Laverne Cox has earned her third Emmy nomination for her role as Sophia Burset on Netflix's "Orange is the New Black." Sophia is a sassy and spunky hairdresser, trans woman, and former firefighter who's incarcerated for committing credit card fraud to pay for her transition. Through that role, Cox sheds light on real issues around the transgender community and criminal justice.
"Orange is the New Black" just released its seventh and final season. Cox tells Press Play that everything has changed since seven years ago, when she turned 40.
"I was supposed to have achieved a certain set of things and not be in the debt that I was in. And I wasn't supposed to owe back rent and be on a payment plan so I wouldn't be evicted from my apartment… I just was like, 'I think I need to let this acting thing go.' And I decided to go back to graduate school and study something that might make me some money, so I wouldn't be so destitute," she recalls.
Then in fall 2012, she landed a role for "Orange is the New Black." The role isn't just an income generator, but an international platform that she uses to elevate stories of transgender people.
Cox says that this is "the best of times and the worst of times" for trans people -- they're getting more media representation, but also more attacks (particularly from the federal government).
"There are a lot of trans folks out there who are not as privileged as I am. And I believe that it is my job, my responsibility… to speak about trans folks who are out there struggling. Speak about policies that are lessening our life chances, to bring awareness to that," she says. "And there are so many things that are going on in the world now that we have to stay woke about. And a lot of the conversations around trans folks are sort of falling by the wayside."
She says trans people are more visible now, and society must engage with that in new ways. "Grappling with trans people's existence calls upon us to question what we think about our own gender, how gender is sort of constructed in our culture. And I think as a result of so much visibility, there's almost always backlash."

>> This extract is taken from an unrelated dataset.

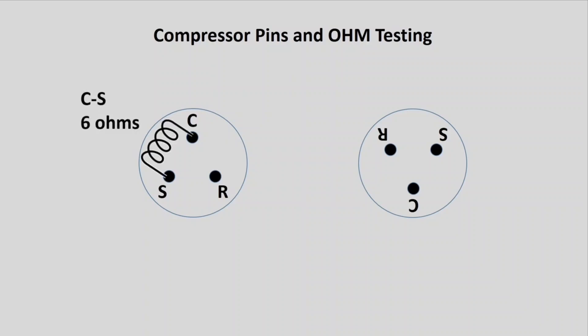You would want to measure the resistance between your C and S pins — a few ohms is normal. Then go to the other side and measure. I'm showing the windings inside your compressor here: on this side you have 4 ohms. What you want to make sure to do is then measure the resistance between S and R, and it needs to add up.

Healing from a tough upbringing
Cox grew up in Mobile, Alabama, where she was bullied and attacked by other kids, and felt deep shame. Getting over that is a process, she says.

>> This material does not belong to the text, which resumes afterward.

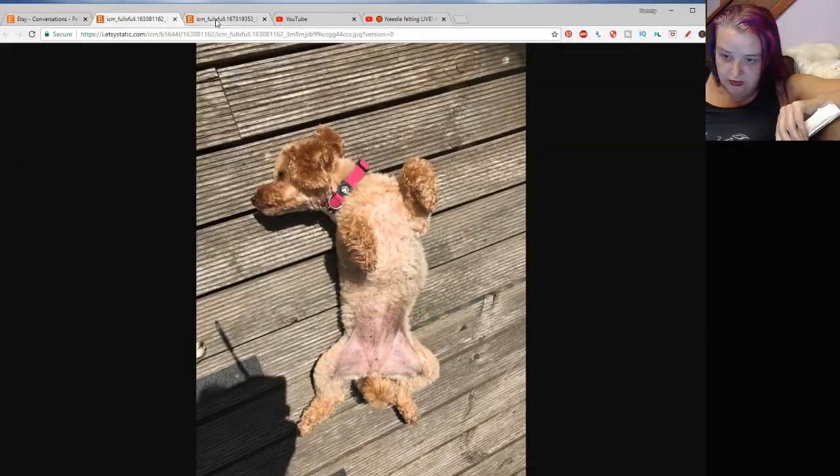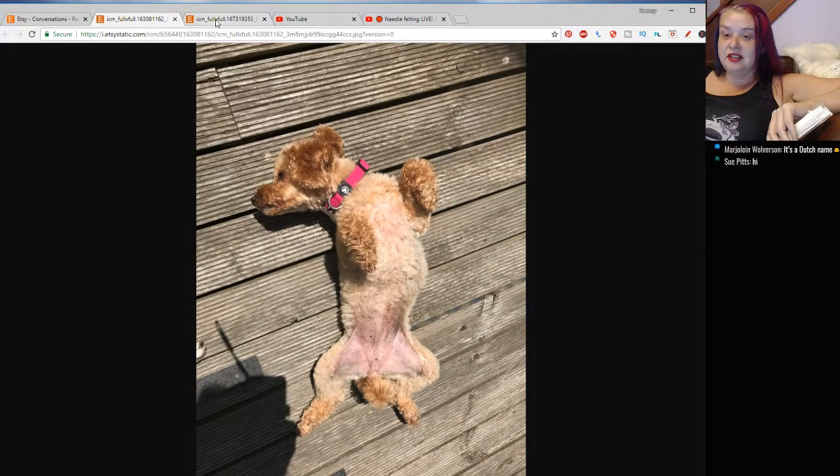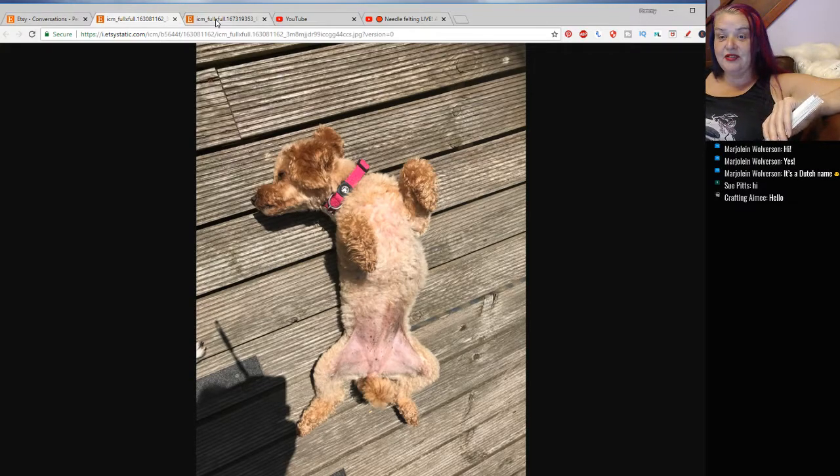I'll just quickly show before we get started what I'm planning to make — you've probably seen it in the thumbnail. So this is a customer's dog that she wanted. She sunbathes like this and she was just looking for a sculpture in this shape. This is something that I've not shown you guys, so I thought we'd have a try and see if we can get it sorted out.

Citing researcher Brené Brown, Cox says shame substantially dissipates when people share their shame stories to others who have "earned the right to hear it," and when those stories are greeted with empathy.

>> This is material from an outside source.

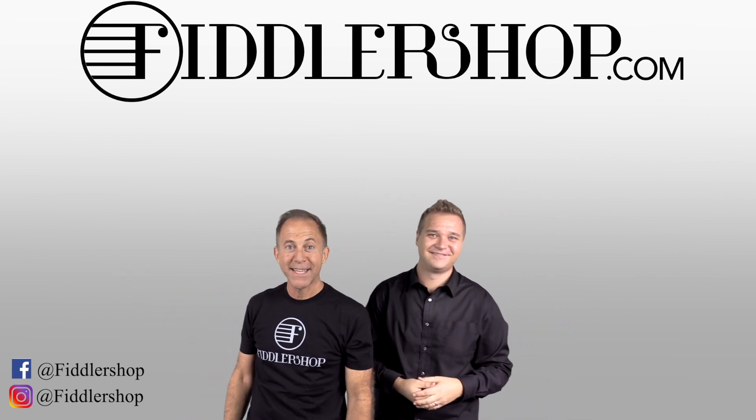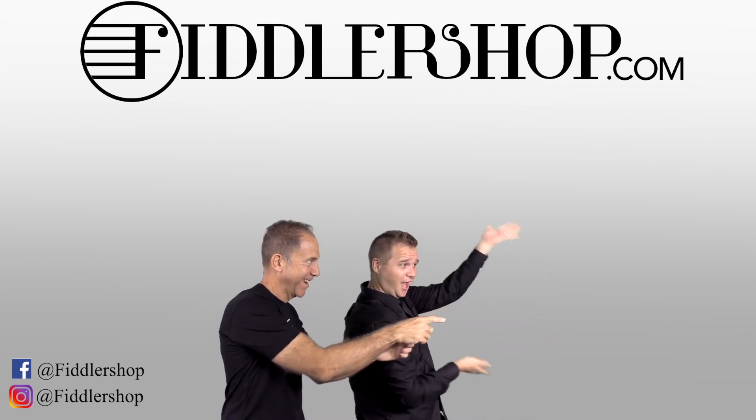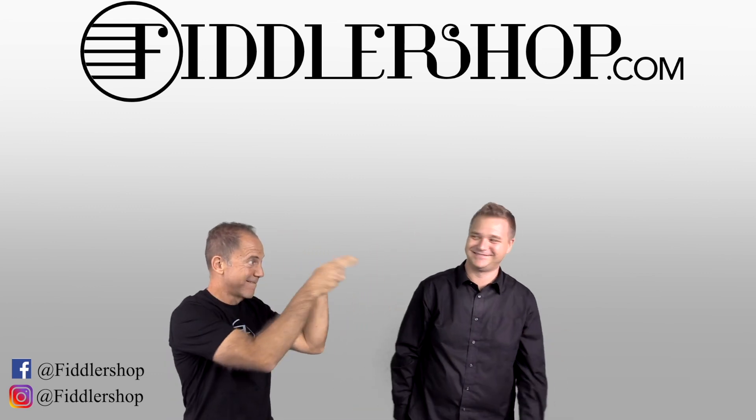And if you want to learn more about us, click right here, or visit our pillow shop.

"Artists, I believe, are arbiters of empathy... It is never my job to be in a space of judgment with any character that I play. And I try to practice that in my life outside of being an artist. And so this space of being an artist and the space of empathy, it's a beautiful space of healing," she says. "So yes, it is way better than it used to be. But it's been a tremendous amount of work, a lot of work, and painful work."